We both (along with hippo33) agree that everyone does not need to lead a
balanced life. There are other valid choices like a life of dedication to a
specific cause or pursuit. Or anywhere in between that makes you happy.

We disagree on whether you should use the word balance when you "technically"
mean the exact opposite. That's poor communication in my opinion.

------
benlower
I find it odd that we call it "work-life" balance. So work comes first and
life second? I've started calling it "life-work" balance. Not to imply that I
work less but that things are well integrated and stuff that feels like work
comes second :-)

------
padobson
I agree that we shouldn't be looking at it in terms of hours, but I don't know
if it can be measured in terms of happiness (as the author seems to be
indicating) either.

What are your goals? What is it going to take for you to achieve those goals?
Will you be happy working towards those goals? Is the misery that you're going
to have to endure to achieve those goals worth it?
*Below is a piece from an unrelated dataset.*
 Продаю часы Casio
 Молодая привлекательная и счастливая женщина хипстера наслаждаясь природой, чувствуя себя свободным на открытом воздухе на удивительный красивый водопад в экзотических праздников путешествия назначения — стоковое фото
Can you sustain that level
of misery and still accomplish your goals?

 _But, it could also mean that you’re just a lot dumber and less efficient
than your peers who could do the same thing without pulling an all-nighter._

You may well be dumber than someone who doesn't need an all-nighter to do what
you're doing, but you may want the prize you're working towards more than the
person getting 8 hours of sleep - so go for it.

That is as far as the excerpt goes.